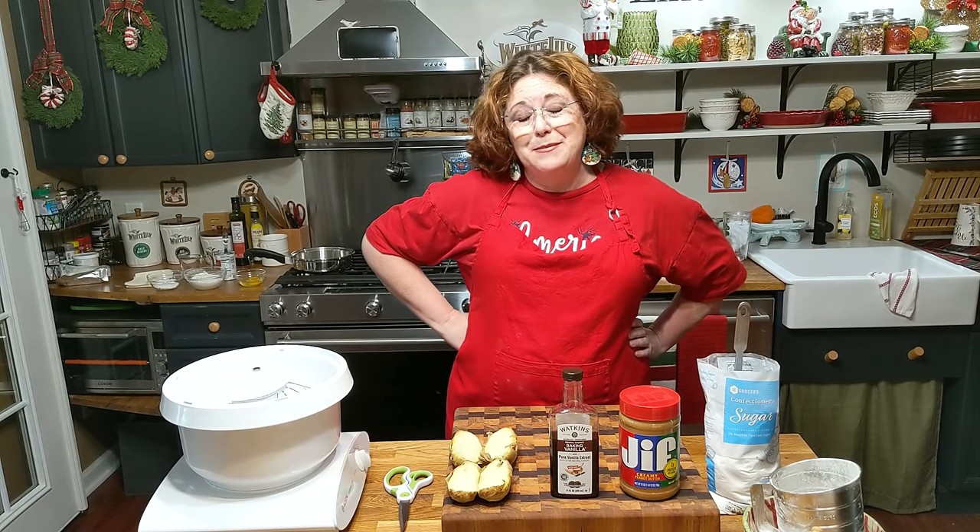Hey y'all, it's Tammy with Collard Valley Cooks. Today we're making something that we used to all eat at Christmas time, and that is old-fashioned potato candy. It was always at Granny's. It's super simple to make — all you need is four ingredients.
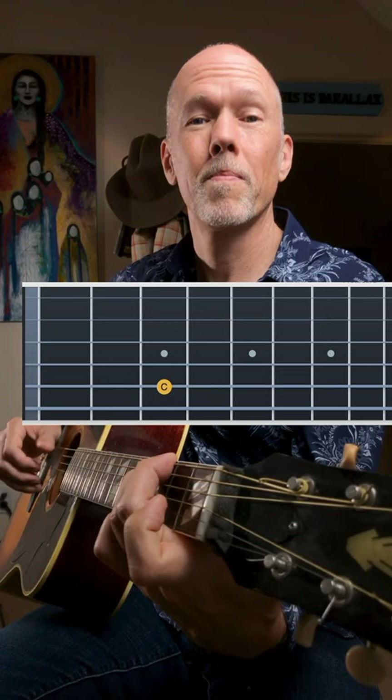Patreon.com/jonathanbirdmusic — you can download that tab and follow along.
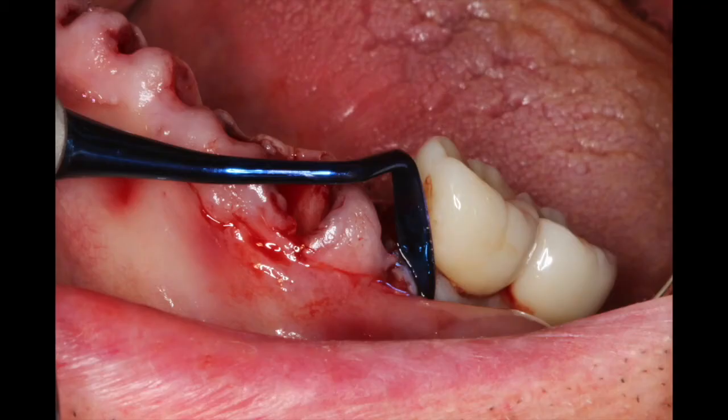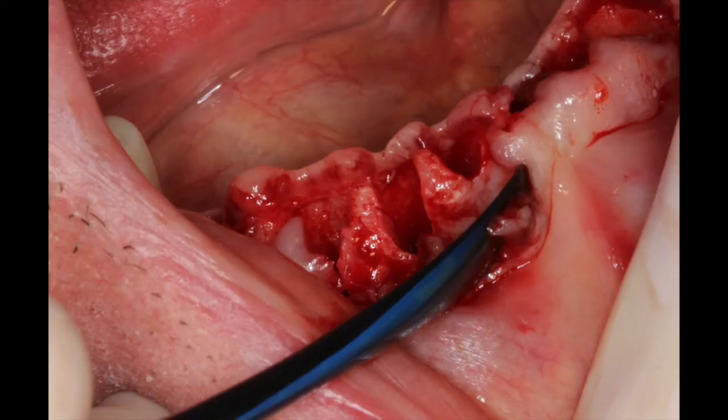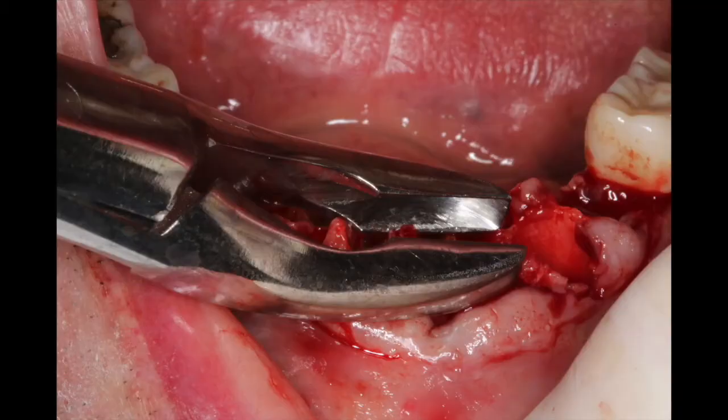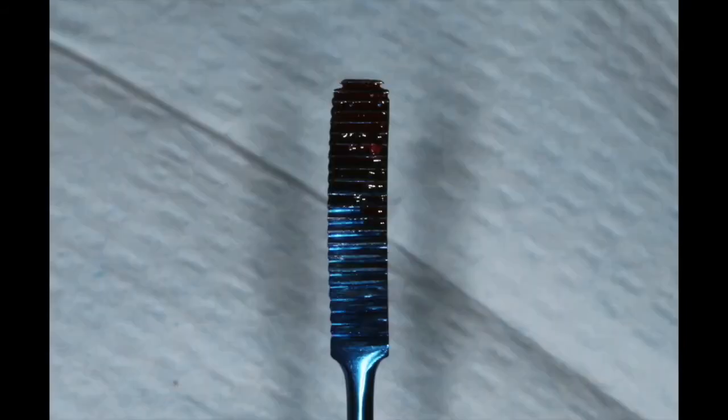Here I'm taking my orban knife and making a nice controlled incision into the extracted site, elevating the facial and lingual bone so that I can actually see any defects that may be present due to resorption of the roots. I'm going to take a rongeurs and simply remove the spicules, and a bone file will flatten them and make them very flat and smooth.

***

• **TRY IT**
Copy out all the data exactly; skip the pictures.

• **RESULT OF THIS EXERCISE**
Hey y'all, it's Tammy with Collard Valley Cooks. Today we're making something that we used to all eat at Christmas time, and that is old-fashioned potato candy. It was always at Granny's. It's super simple to make — all you need is four ingredients.
Patreon.com/jonathanbirdmusic — you can download that tab and follow along.
Here I'm taking my orban knife and making a nice controlled incision into the extracted site, elevating the facial and lingual bone so that I can actually see any defects that may be present due to resorption of the roots. I'm going to take a rongeurs and simply remove the spicules, and a bone file will flatten them and make them very flat and smooth.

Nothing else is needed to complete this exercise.